SUPPLIED RECORDS:
===
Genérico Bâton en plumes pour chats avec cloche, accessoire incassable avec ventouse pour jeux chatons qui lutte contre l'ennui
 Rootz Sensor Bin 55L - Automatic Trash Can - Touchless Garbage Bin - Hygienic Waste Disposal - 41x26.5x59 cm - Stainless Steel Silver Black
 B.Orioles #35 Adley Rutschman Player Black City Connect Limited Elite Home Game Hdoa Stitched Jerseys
===
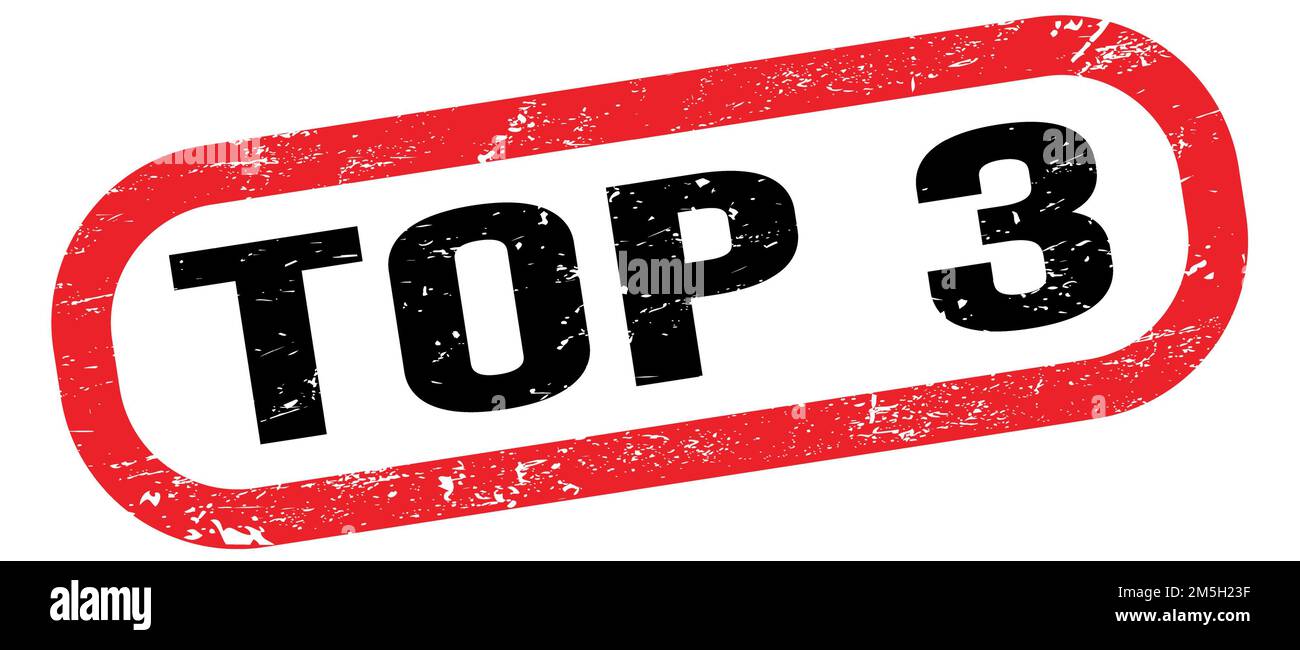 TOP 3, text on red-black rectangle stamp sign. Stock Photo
===
ACTIVITY: Scan the entries above for the line containing "Genérico Bâton en", and copy it and all lines after it exactly, down to and including the line containing "B.Orioles #35 Adley".

OUTPUT OF THE EXERCISE:
Genérico Bâton en plumes pour chats avec cloche, accessoire incassable avec ventouse pour jeux chatons qui lutte contre l'ennui
 Rootz Sensor Bin 55L - Automatic Trash Can - Touchless Garbage Bin - Hygienic Waste Disposal - 41x26.5x59 cm - Stainless Steel Silver Black
 B.Orioles #35 Adley Rutschman Player Black City Connect Limited Elite Home Game Hdoa Stitched Jerseys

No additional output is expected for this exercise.